"Oh yes, Donna Roma is coming, and if you will...."

"With pleasure, Princess."

"That's charming! After the opera we'll have supper at the Grand Hotel. Good-day!" said the Princess, and then in a low voice at the door, "I leave you to your delightful duties, my dear. You are not looking so well, though. Must be the scirocco. My poor dear husband used to suffer from it shockingly. Adieu!"

Roma was less confused but just as nervous when she settled to her work afresh.

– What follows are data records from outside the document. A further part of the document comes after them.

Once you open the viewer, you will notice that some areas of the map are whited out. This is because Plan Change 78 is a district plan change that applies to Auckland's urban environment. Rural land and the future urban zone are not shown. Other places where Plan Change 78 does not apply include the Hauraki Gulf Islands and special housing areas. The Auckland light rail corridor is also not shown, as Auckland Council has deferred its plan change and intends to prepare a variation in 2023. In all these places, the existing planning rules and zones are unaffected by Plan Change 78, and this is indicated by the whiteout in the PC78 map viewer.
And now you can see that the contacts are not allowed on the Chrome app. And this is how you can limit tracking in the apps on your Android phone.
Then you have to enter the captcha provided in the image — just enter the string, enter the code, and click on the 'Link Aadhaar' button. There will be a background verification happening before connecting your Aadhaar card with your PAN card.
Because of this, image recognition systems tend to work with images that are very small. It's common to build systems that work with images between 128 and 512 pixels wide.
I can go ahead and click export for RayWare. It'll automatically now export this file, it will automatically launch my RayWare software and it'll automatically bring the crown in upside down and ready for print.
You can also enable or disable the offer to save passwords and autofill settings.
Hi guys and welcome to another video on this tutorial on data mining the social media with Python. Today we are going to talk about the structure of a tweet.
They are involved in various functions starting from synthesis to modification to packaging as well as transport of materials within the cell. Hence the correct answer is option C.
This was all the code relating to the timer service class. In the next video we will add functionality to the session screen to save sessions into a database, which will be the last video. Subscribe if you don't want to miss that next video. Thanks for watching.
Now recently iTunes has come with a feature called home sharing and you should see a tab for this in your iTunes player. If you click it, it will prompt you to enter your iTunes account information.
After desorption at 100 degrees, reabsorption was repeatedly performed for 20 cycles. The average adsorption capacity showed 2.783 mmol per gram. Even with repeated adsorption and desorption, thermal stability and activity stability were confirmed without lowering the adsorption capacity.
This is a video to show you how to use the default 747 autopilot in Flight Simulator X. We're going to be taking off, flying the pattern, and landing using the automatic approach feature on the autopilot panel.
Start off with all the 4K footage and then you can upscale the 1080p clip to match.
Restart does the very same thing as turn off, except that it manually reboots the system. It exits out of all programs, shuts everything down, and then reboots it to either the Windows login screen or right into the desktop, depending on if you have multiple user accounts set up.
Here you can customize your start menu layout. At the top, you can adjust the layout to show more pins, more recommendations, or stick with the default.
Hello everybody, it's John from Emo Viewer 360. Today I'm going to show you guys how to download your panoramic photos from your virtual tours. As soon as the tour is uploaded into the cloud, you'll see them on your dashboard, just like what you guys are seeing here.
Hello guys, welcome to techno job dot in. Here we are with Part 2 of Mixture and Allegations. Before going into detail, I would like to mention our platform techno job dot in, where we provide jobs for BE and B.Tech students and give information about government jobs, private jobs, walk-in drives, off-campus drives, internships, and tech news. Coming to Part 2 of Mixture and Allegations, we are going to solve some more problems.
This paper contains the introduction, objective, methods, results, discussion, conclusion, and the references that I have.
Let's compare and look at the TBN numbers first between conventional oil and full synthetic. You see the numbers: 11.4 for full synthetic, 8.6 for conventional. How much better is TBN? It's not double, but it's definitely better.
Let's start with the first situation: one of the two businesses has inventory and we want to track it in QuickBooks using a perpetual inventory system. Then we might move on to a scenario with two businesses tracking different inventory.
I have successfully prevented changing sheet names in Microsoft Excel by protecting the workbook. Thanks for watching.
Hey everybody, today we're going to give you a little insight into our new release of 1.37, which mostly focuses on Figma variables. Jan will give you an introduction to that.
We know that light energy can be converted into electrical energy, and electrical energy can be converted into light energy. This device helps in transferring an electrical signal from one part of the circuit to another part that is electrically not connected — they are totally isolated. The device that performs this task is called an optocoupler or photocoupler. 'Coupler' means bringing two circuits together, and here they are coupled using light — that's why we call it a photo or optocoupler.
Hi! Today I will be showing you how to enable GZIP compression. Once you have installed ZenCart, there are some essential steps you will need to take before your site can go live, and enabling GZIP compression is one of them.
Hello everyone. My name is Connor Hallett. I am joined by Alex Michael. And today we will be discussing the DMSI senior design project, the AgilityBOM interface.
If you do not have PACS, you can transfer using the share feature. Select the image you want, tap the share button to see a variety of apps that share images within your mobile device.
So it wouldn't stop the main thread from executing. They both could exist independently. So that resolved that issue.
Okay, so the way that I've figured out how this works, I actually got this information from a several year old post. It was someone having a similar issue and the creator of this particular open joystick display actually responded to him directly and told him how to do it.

"I've been thinking all night long of the story you told me yesterday," she said. "No, that way, please—eyes as before—thank you! About your old friend, I mean. He was a good man—I don't doubt that—but he made everybody suffer. Not only his father and mother, but his wife also. Has anybody a right to sacrifice his flesh and blood to a work for the world?"

"When a man has taken up a mission for humanity his kindred must reconcile themselves to that," said Rossi.

"Yes, but a child, one who cannot be consulted. Your friend's daughter, for example. She was to lose everything—her father himself at last. How could he love her? I suppose you would say he did love her."

"Love her? He lived for her. She was everything on earth to him, except the one thing to which he had dedicated his life."

A half-smile parted her lovely lips.

"When her mother was gone he was like a miser who had been robbed of all his jewels but one, and the love of father, mother, and wife seemed to gather itself up in the child."